Whether an entity is using a property in the course carrying on a business depends on the particular circumstances of each case. In Tax Ruling TR 97/11 the Australian Taxation Office (ATO) outlines the factors that are relevant when determining whether a business is being carried on. These include:
• the size and scale and nature of the activity being carried on
• the repetition and regularity of the activities carried on.
In SMSF Ruling SMSFR 2009/1 the ATO provided an example of a situation where a taxpayer owned 20 residential apartments which they leased out and managed themselves. In this case, the ATO confirmed that the properties qualified as BRP as the size, scale and repetition of the activities indicated they were being used in a property leasing business.
Wholly and exclusively
Under the BRP definition a property must also be used wholly and exclusively in the course of running a business.

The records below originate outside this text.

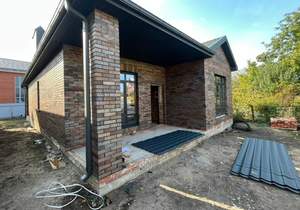 Дом 120м&sup2;, 1-этажный, участок 4 сот.  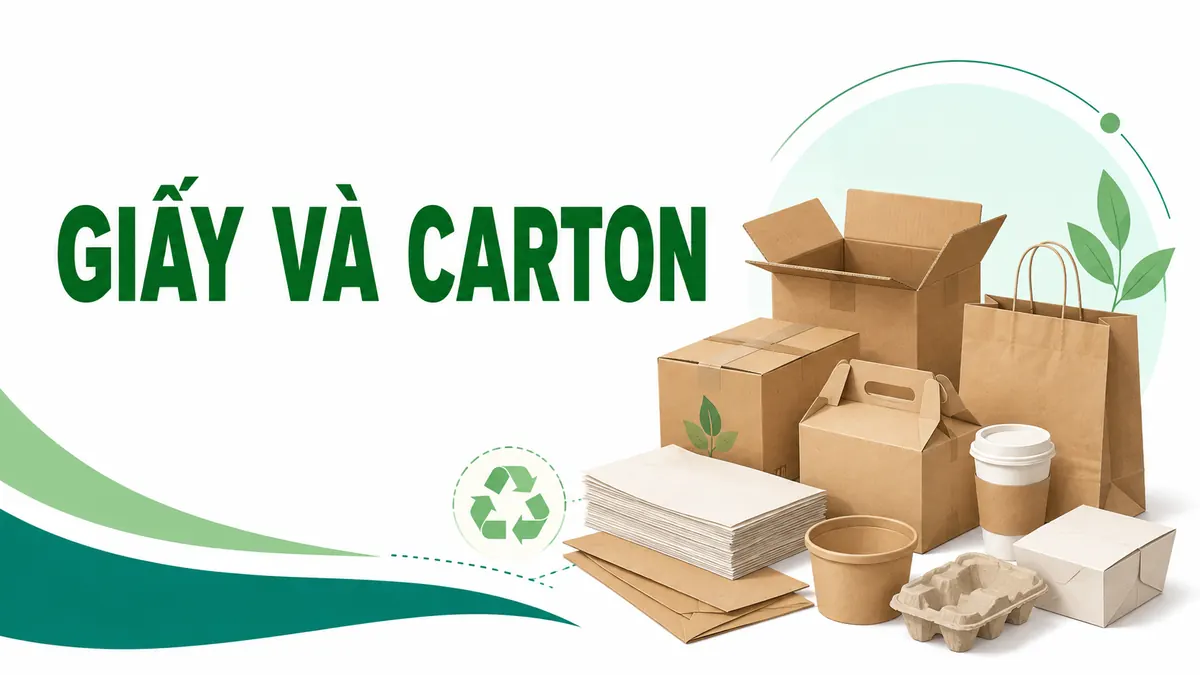 EPR bao bì giấy và carton: Phân biệt A.1.1 và giấy hỗn hợp đa lớp A.1.2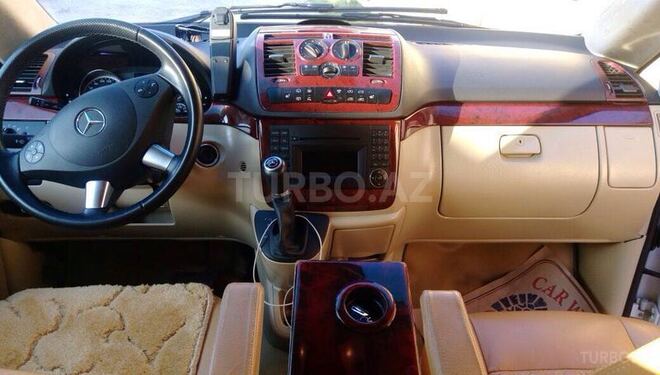 Mercedes Viano 2013, 64,000 km - 3.0 l - Bakı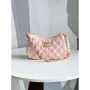 Chanel AP3647 23K Small Hobo Bag Lambskin Gold Metal Pink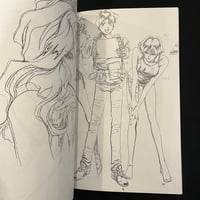 Image 3 of Tatsuya Egawa Golden Boy Doujin 1 (w/ Anime Concept Art)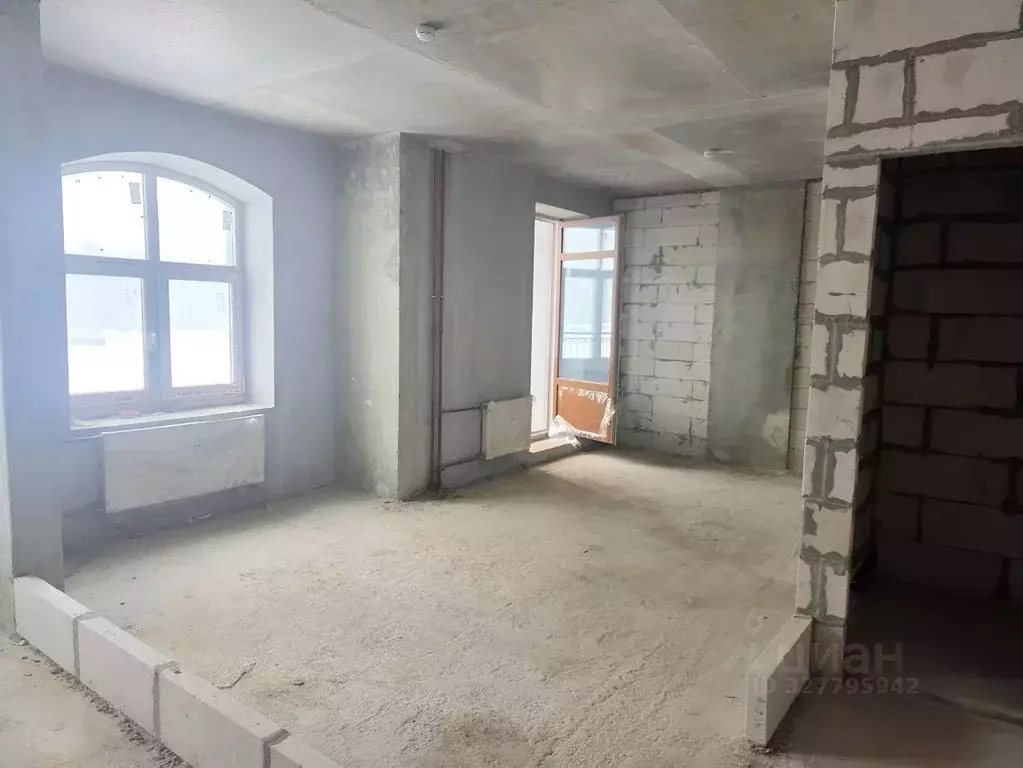 Квартира, 1 комната, 44.8 м - Фото 1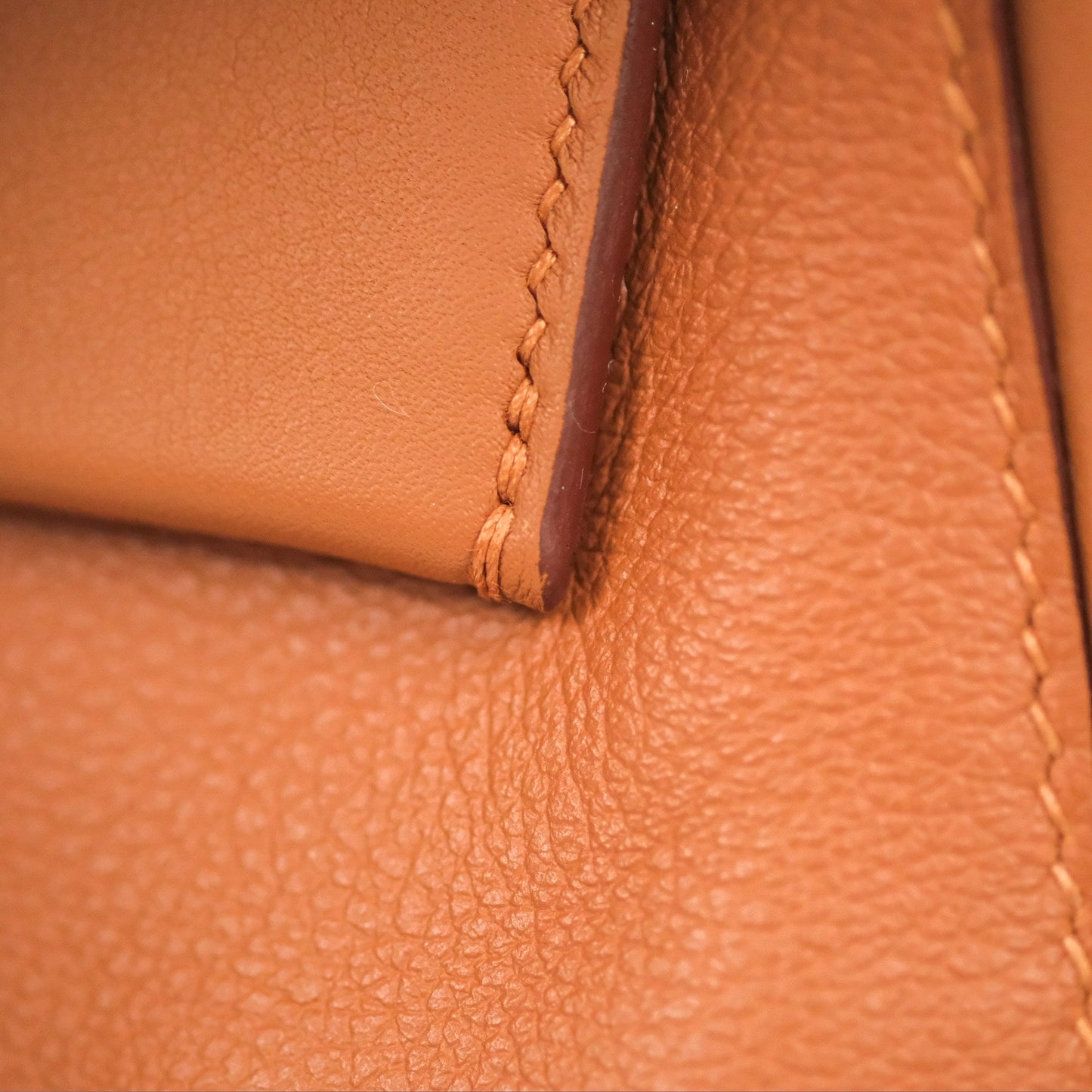 Hermès 24/24 21 Mini Gold Evercolor/Swift Gold Hardware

Therefore, any use of a property for private or domestic purposes would generally disqualify the property from being BRP. For example, where the owner of a retail shop also lived on the premises, the property would generally fail the BRP definition.
However, the ATO has confirmed in SMSFR 2009/1 that any private or domestic use of a property will not cause the property to fail the BRP definition where that private or domestic use is:
• occasioned by the business being carried on
• incidental and relevant to the business being carried on
• only minor or trifling.
For example, the use of a motel room by a guest for their private purposes would not disqualify a motel from being BRP as that private use is incidental and relevant to the underlying motel business being carried on.
Property as an active asset for CGT purposes
Real property may also qualify as an active asset under the small business CGT concessions where it is used in the course of carrying on a business by the taxpayer, their affiliate or a connected entity and its main use is not to derive rent (unless only temporarily).
When does a property derive rent?
The ATO has confirmed that income generated from a property will be rent where the property is leased under a landlord/tenant arrangement and the tenant has exclusive possession of the property.
In contrast, the ATO also confirmed that income derived from a property where guests only have a right of occupancy subject to certain conditions will not be rent as the arrangement does not constitute a landlord/tenant relationship. Other factors which would indicate that an amount of income is not rent include:
• where the owner retains a high degree of control over the property
• if the amount charged includes the provision of other services, such as the supply of linen, meals and room cleaning
• where guests have shared rather than exclusive use of the property, including common areas and features such as lounge areas, pools, tennis courts and gardens.
Therefore, a property used in a business of providing accommodation, such as a hotel, motel or resort, could potentially qualify both as a BRP and as an active asset.
In this case, the property could be transferred to an SMSF from a related party and the small business CGT concessions could be applied (subject to satisfying the other eligibility criteria) to reduce or eliminate any resulting realised capital gains.
What about leasing out a single holiday house?
Leasing out a single property, such as a beach house, is generally considered to be a passive investment activity and not carrying on a business. Therefore, a single beach house would generally not qualify as BRP.
In addition, where the lease arrangement entitled the tenant to exclusive possession during the period of their stay the property would be unlikely to qualify as an active asset as its main use would be to derive rent.